Sunday, April 2, 2017
Why it's worth reading Anne Bronte's Agnes Grey
It's fun to read Anne Bronte's Agnes Grey but it will never be mistaken for a great novel - it lives because of the association with the 2 other Bronte sisters. Why not great? It's a novel almost completely w/out nuance: the eponymous Agnes becomes a governess to, first, a household with children so evil and monstrous that, with another "turn of the screw" we'd be in James, DuMaurier, Shirley Jackson, Stephen King territory - the children seem almost possessed by evil. When Agnes is, thankfully, fired from that job she takes on another, as a governess to teenage sisters who are the most vain, crass, and selfish imaginable.

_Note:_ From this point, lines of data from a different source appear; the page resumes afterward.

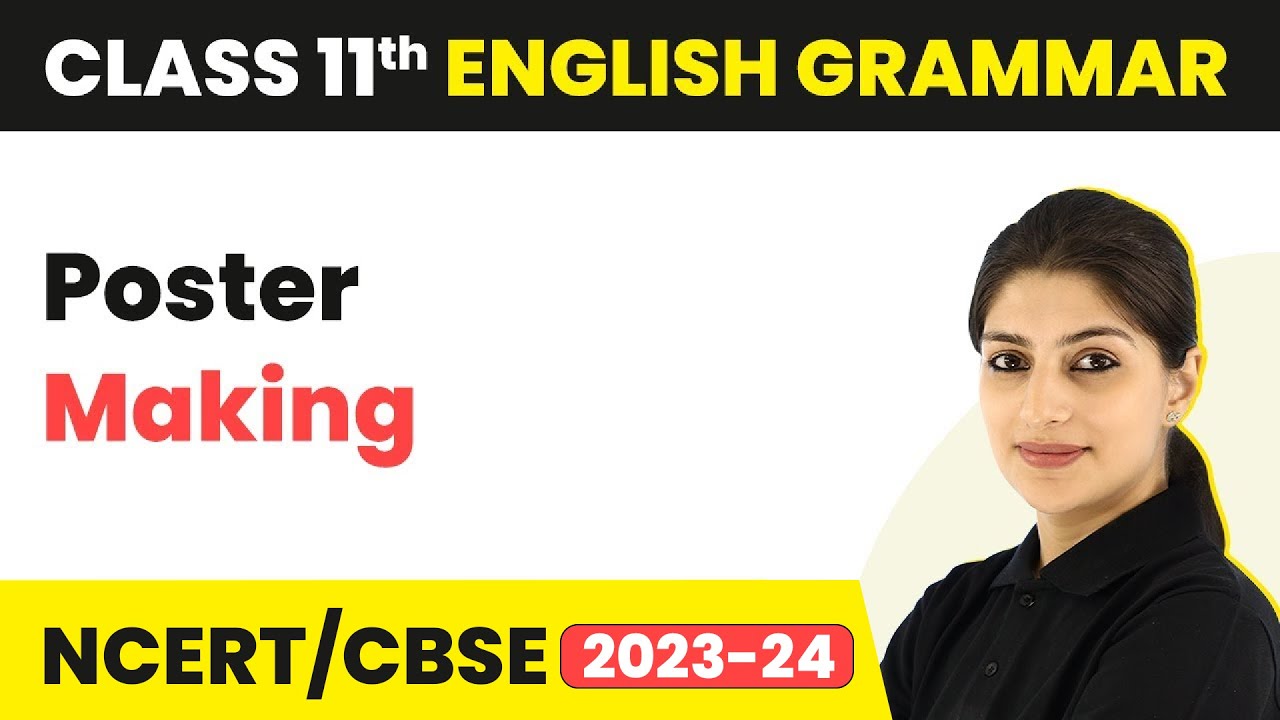 Poster Making | Introduction to Writing Skills | Class 11 English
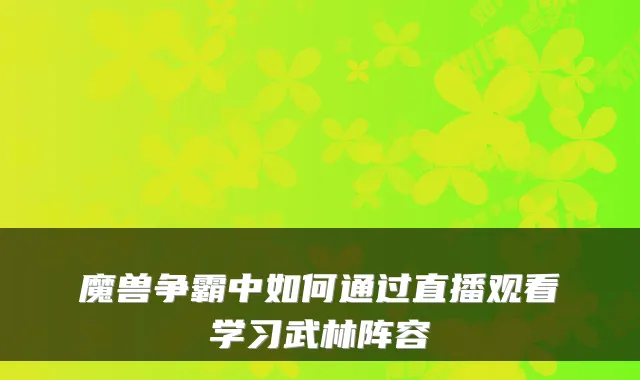 魔兽争霸中如何通过直播观看学习武林阵容
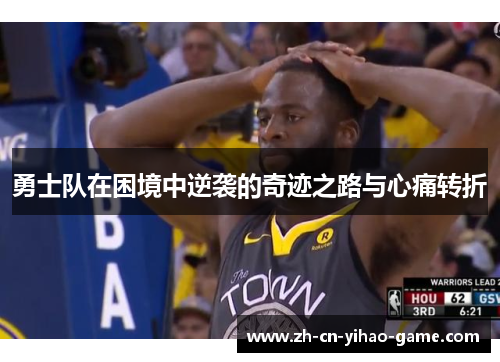 勇士队在困境中逆袭的奇迹之路与心痛转折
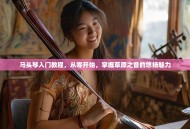 马头琴入门教程，从零开始，掌握草原之音的悠扬魅力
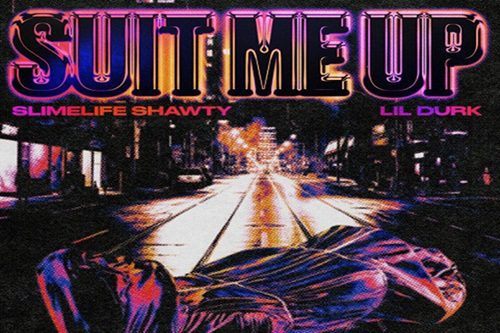 Slimelife Shawty ft. Lil Durk - Suit Me Up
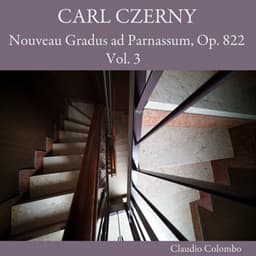 Carl Czerny: Nouveau Gradus ad Parnassum, Op. 822, Vol. 3 - Carl Czerny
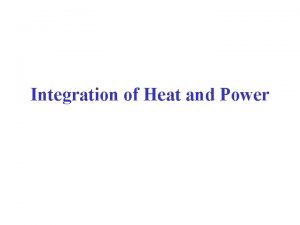 Integration of Heat and Power HEAT ENGINES RESERVIOR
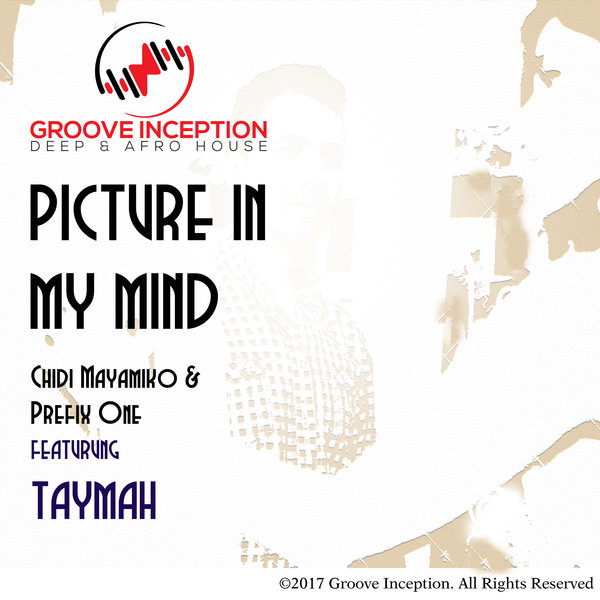Chidi Mayamiko and Prefix One feat. Taymah - Picture In My Mind / Groove Inception Records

Their vanity and cold-heartedness is matched by that of the local pastor, who evokes the wrath of God and has never undertaken a charitable act in his life. But the assistant pastor, a homely man, is a good man and thoughtful and kind and obviously interested in Agnes. Can you see where this is going? Of course, and that's only half-way through the novel. A great novel has to involve some kind of change or development in the major characters - think of the evolution of, say Elizabeth Bennett or Emma Weston, or, for that matter, of Rochester, keeping it in the family. This novel places characters in a fixed mode - the tension isn't about their changing, learning, or growing, it's about getting Agnes in touch w/ the right people. What makes this novel readable, then? All of the above. It's entertaining to see a novelist eviscerate these awful characters, and Anne Bronte's writing, aside from a few absurd passages of dialogue, is a good as anyone's; her wit at times does approach Austen's (humor was not the strength of her sisters). Once in a while, I think, it's good to read a novel that has survived because it is typical of its age, not because it was exceptional - we get a better understanding of what people in another era sought, expected, and accepted in popular fiction. Emily Bronte was no doubt ahead of her time; Anne was part of hers.